= Beginning of Section =
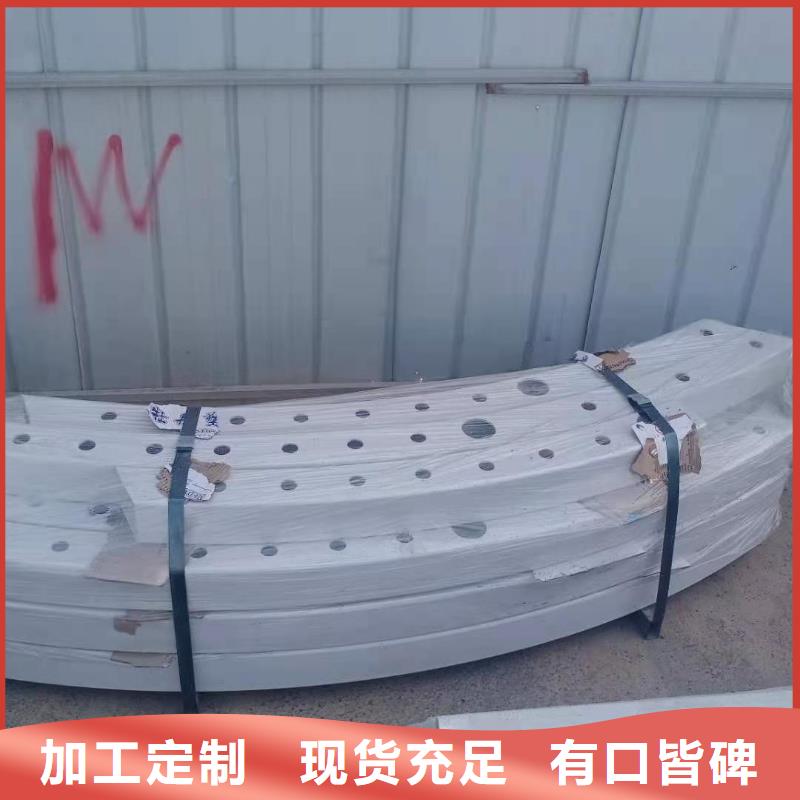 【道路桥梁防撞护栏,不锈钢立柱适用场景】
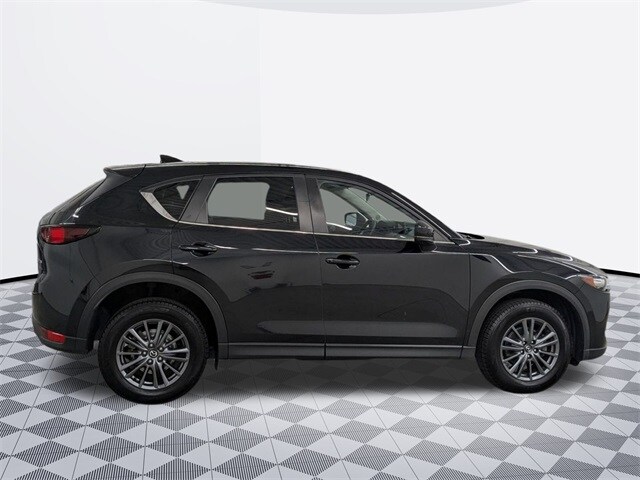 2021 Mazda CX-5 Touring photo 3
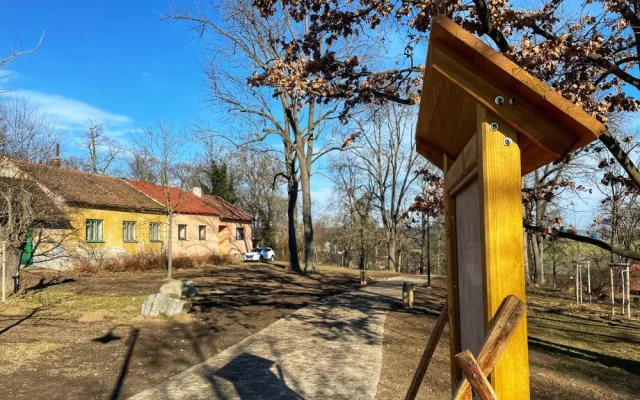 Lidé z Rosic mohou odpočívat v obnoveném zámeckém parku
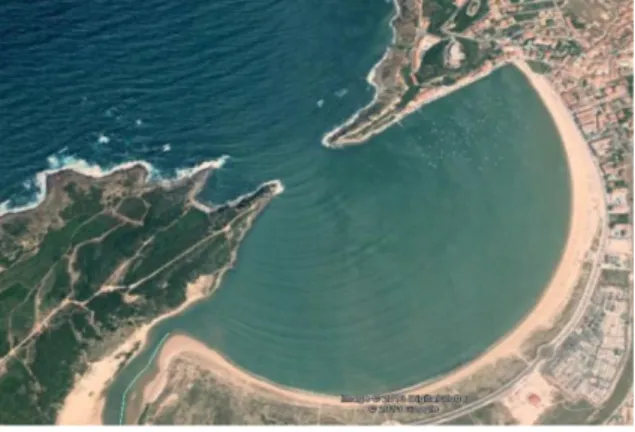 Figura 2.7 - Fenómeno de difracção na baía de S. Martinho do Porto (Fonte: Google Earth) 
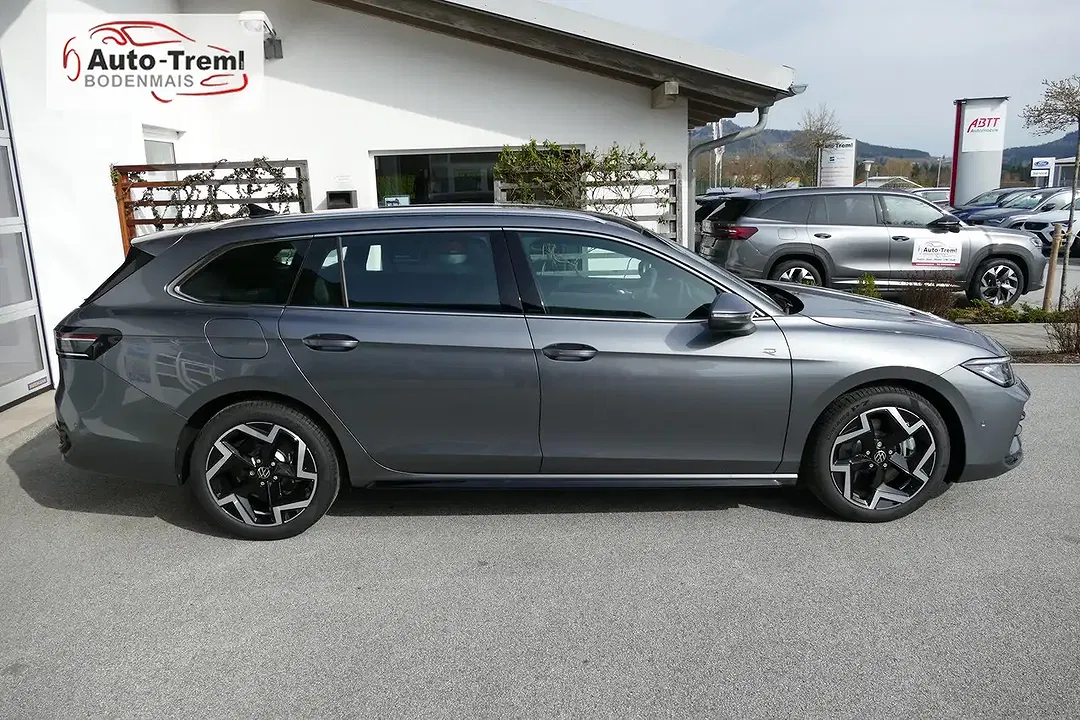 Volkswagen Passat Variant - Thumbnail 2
= End of Section =
### ABOUT THIS EXERCISE
Starting at the line that holds "2021 Mazda CX-5 Touring photo 3" and ending at the last line of the material above, repeat each line exactly, both ends included, and leave the pictures out.

### ANSWER SPACE
 2021 Mazda CX-5 Touring photo 3
 Lidé z Rosic mohou odpočívat v obnoveném zámeckém parku
 Figura 2.7 - Fenómeno de difracção na baía de S. Martinho do Porto (Fonte: Google Earth) 
 Volkswagen Passat Variant - Thumbnail 2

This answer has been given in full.